The prospect of foreclosure brings with it a lot of emotion.
Homeowners who go through the process are stressed, and neighbors get anxious that the value of the homes in the neighborhood will take a downward turn.
Buyers can get nervous, too: They hope for a great deal but have trepidation about the process.
Let’s take a step away from the emotion and take a look at what is happening in New Jersey and in Chatham on the foreclosure front.
Jeffrey G. Otteau, of the Otteau Valuation Group, which provides real estate analysis and information to realtors and others, offers some valuable insights into foreclosures. In New Jersey, 2.61 percent of homeowners, or 1 in 38, received a foreclosure notice in 2010.
However, the foreclosures are not evenly distributed. There are far more foreclosures in low income areas, where subprime mortgages were more common. Cities like Elizabeth or Newark and some of the rural areas in Sussex and Warren counties experienced a higher incidence of foreclosures than towns like Chatham.
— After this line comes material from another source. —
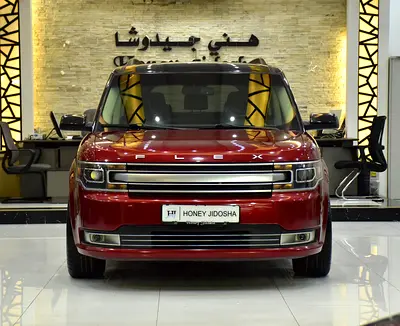 EXCELLENT DEAL for our Ford Flex Limited ( 2015 Model ) in Red Color GCC Specs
Toward the end of 2010, the delinquency rate did slow down in New Jersey. Is this good news for the future? Not so. The slowdown was caused by the banks putting in place a moratorium on foreclosures after criticisms about their handling of the process.
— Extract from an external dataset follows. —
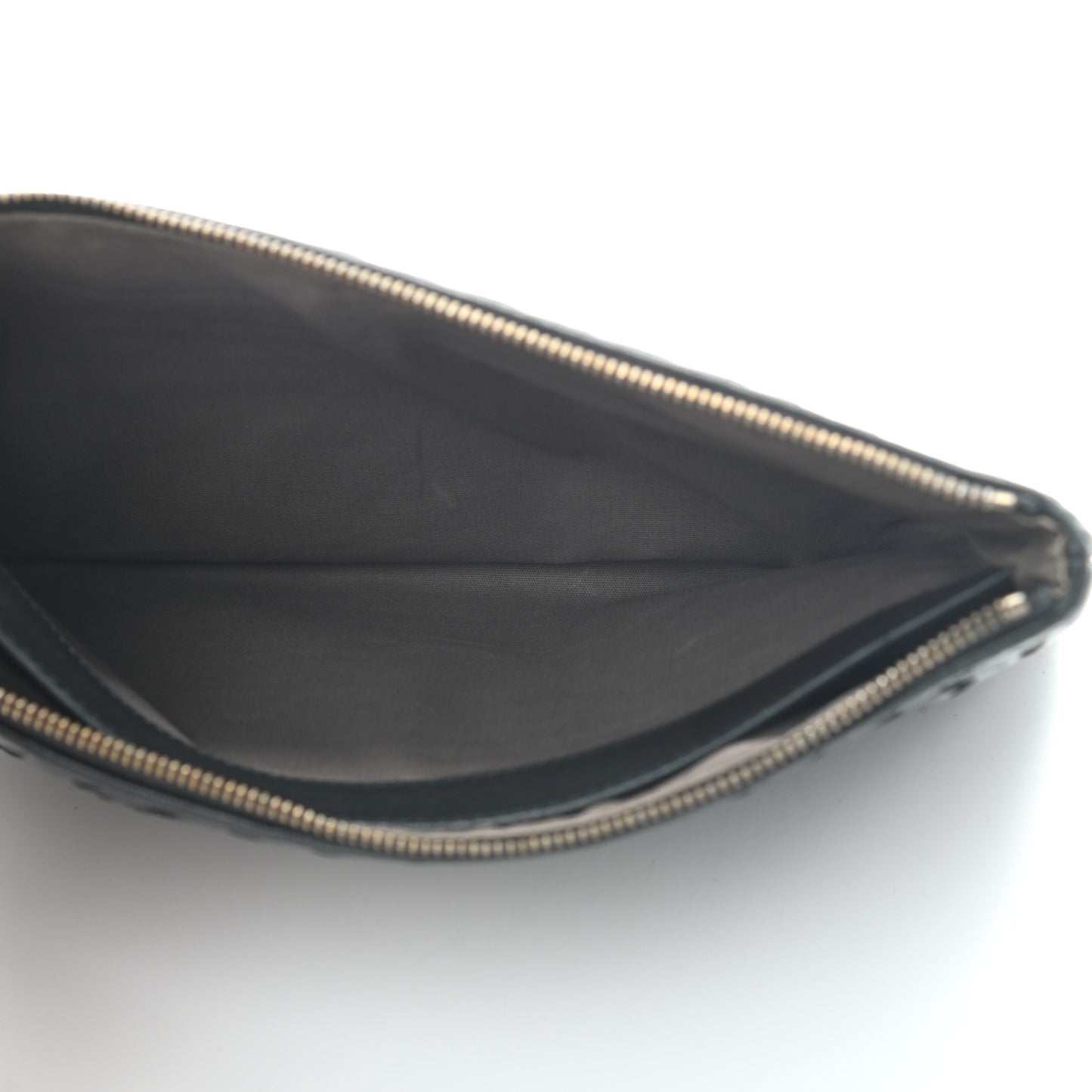 Nappa Intrecciato Medium Zip Pouch Black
Going forward, New Jerseyans can expect more foreclosures as the banks put in place new processes. Further trouble could be ahead since, according to Otteau, 15.2 percent of homes in New Jersey have an outstanding mortgage greater than the market value of the house. Another 4.2 percent of homes are close to negative equity.
Could the increased delinquency rate impact on home prices? Otteau said the average discount on a New Jersey home in foreclosure is 37.87 percent, and 25.27 percent for a home in pre-foreclosure. He said that when the housing market begins to recover, the rate of home prices rising in New Jersey will be slower because we will be dealing with a backlog of foreclosures and delinquencies.
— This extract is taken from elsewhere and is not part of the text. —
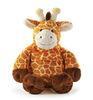 Brown Lovely Giraffe Stuffed Animal Toys Sitting And Standing Pose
According to Realty Trac, 45 Chatham homes are currently in pre-foreclosure. The Morris County Sheriff sale website shows another 22 homes in some stage of forelosure.
This is not good news, especially for those going through the process. But consider that in the last quarter of 2010, house prices in Morris County rose by 5 percent. Chatham Borough has the lowest inventory of homes at three months' supply across 400 towns in New Jersey, and Chatham Township is not far behind with a 4.5 months' supply.
A low inventory of homes generally drives prices up, as demand exceeds supply and we see multiple bids starting to occur. So while Chathamites are within reason to have concerns about foreclosures, this has to be balanced with consideration of the larger housing market, and so far the Chathams seem off to a positive start to the spring market.